Litter lines the streets of the State Capital.
As India becomes wealthier the quantum of waste the country produces is rising proportionately. About 0.1 million tonnes of solid waste is generated in India daily. This means approximately 36.5 million tonnes annually but our cities are not equipped to deal with such large quantities of waste. However, due to our consumption patterns, 48% of all municipal solid waste is biodegradable. The non bio-degaradable portion mainly comprises plastic, metal, paper, glass and rags. But with urbanisation and change in lifestyle, the statistics and composition of waste is rapidly changing which calls for a desperate need for a scientific management disposal system that extends to every household in every city.
Kohima, the capital city of the north eastern state of Nagaland is just another example of an Indian city where garbage dumps are spilling litter onto the streets as the civic authorities look the other way. Meribeni Kikon, our community correspondent reports about this situation in her video, where residents complain about the apathy of the Kohima Municipal Council in doing its work. This hilly town produces about 45-50 tonnes of garbage daily of which only 50% is collected by the municipal council. The rest lies rotting in garbage dumps from where it often finds its way to the mountainous slopes aided by gusts of wind.

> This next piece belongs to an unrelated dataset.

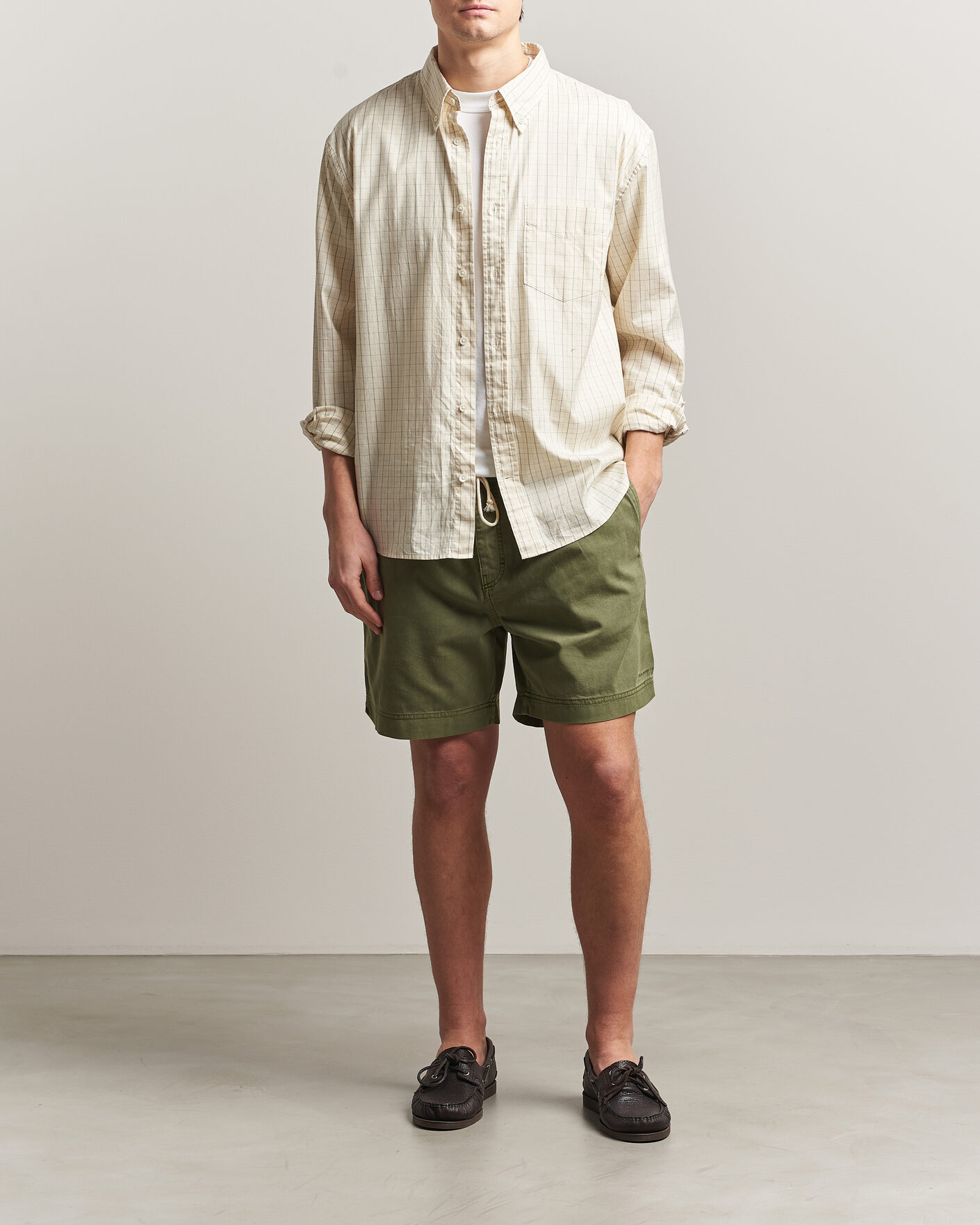 Herre | Shorts | Gant | Regular Fit Sunfaded Drawstring Dry Herb Green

Indians for most part have a strong sense of recyling garbage, and it has been something of an age-old tradition. The “kabadiwala” or the junk man is a frequent visitor in residential neighbourhoods. He wheels his cart of scrap material calling out to people to come and sell him their junk. Women come out to hand him their paper, plastic, metal, glass and other odd objects that they have been carefully collecting over the last few months. Keeping his profits in mind, the kabadiwala pays for the junk by weight, with each type of junk having its own price. He then segregates the waste and sells it to recycling plants earning a good day’s wages. As cities grow, and high rises replace independent housing, the kabadiwala becomes a less frequent visitor and is now mostly found in lower income housing areas and in suburbs where people are still grateful for the small amount of money they make from selling junk. The system is already present, what needs to be done is to revive it and scientifically and sustainably incorporate it into the government’s waste management system.